Task item: In full and exactly, please return the records, but keep out the pictures.

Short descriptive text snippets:
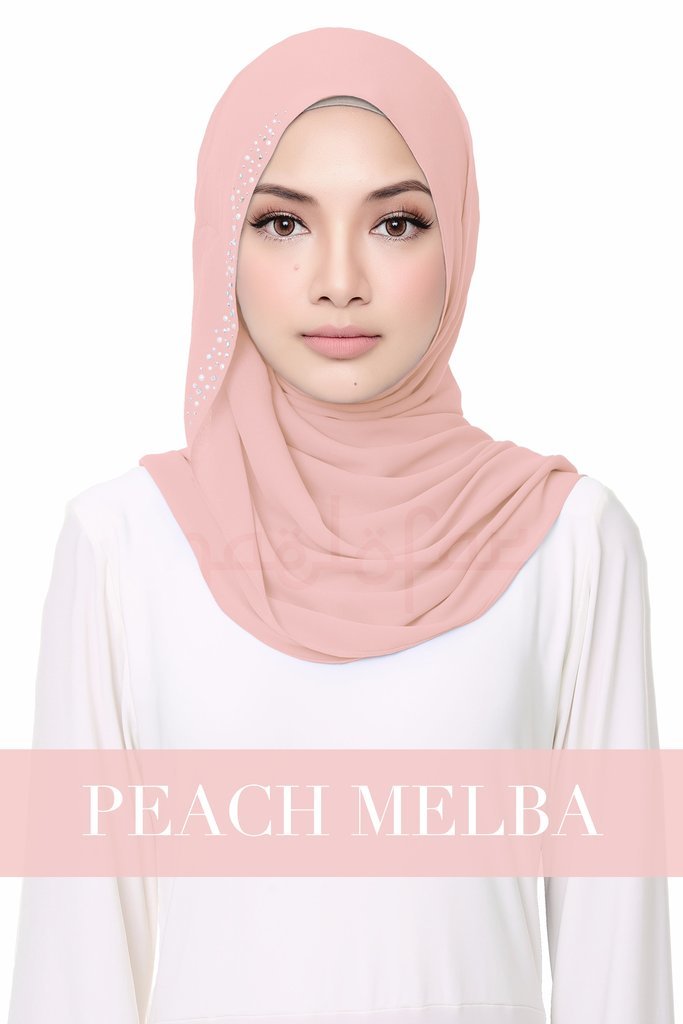 Fluffy_Helena_-_Peach_Melba_1024x1024.jpg
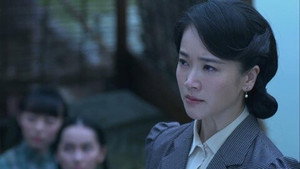 Épisode 33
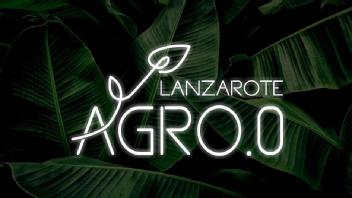 LANZAROTE AGRO.0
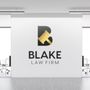Photo of Blake Law Firm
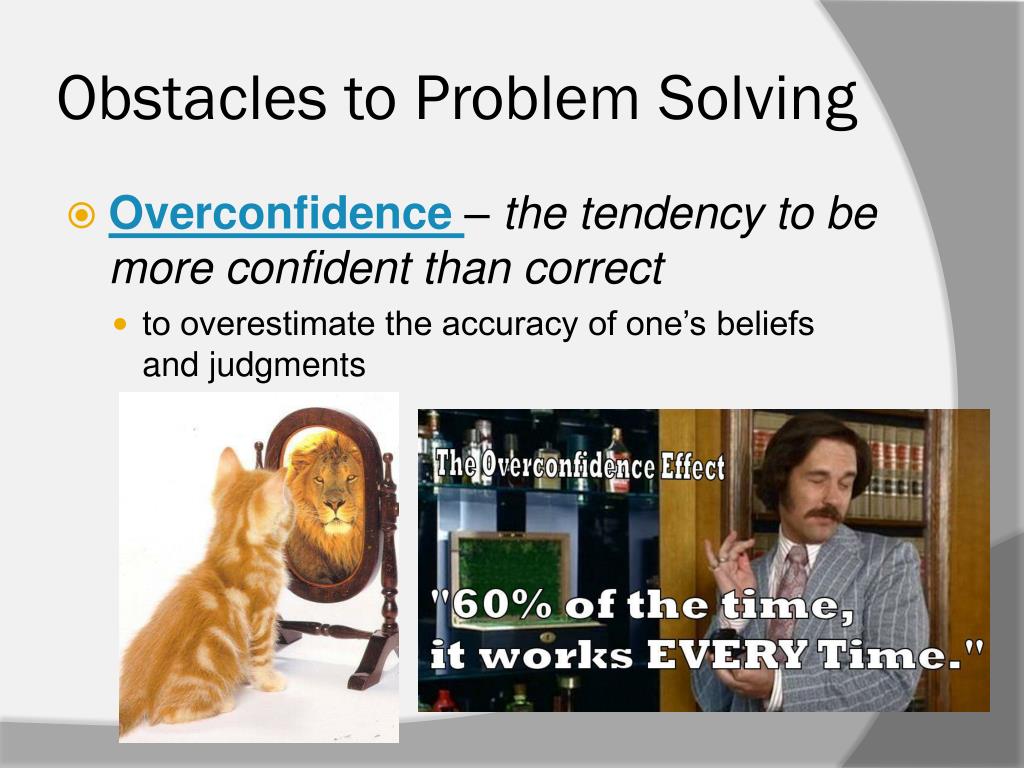 PPT Marshmallow Challenge!!!! PowerPoint Presentation, free download ID2670169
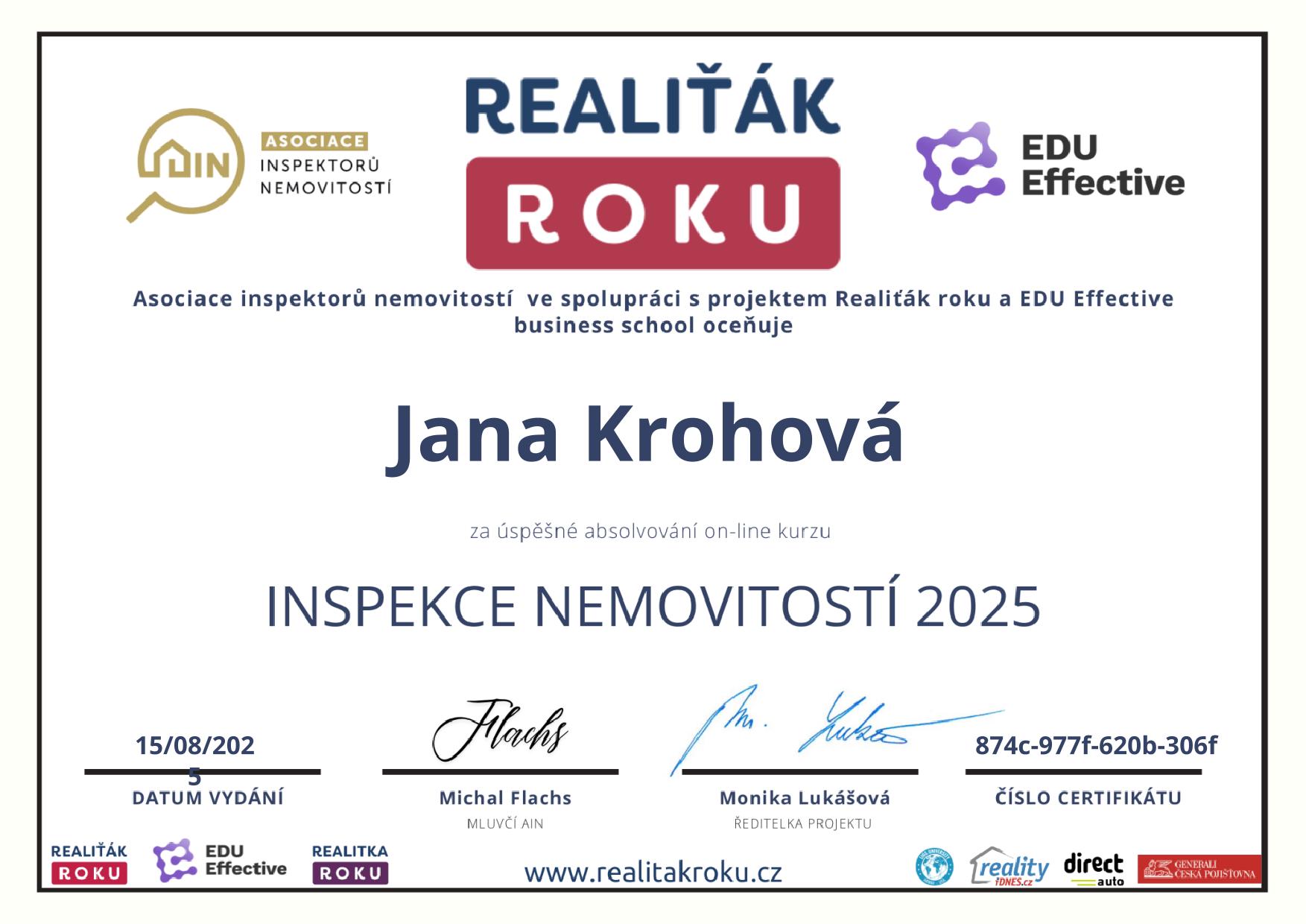 inspekce_nemovitosti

Problem solution:
 Fluffy_Helena_-_Peach_Melba_1024x1024.jpg
 Épisode 33
 LANZAROTE AGRO.0
Photo of Blake Law Firm
 PPT Marshmallow Challenge!!!! PowerPoint Presentation, free download ID2670169
 inspekce_nemovitosti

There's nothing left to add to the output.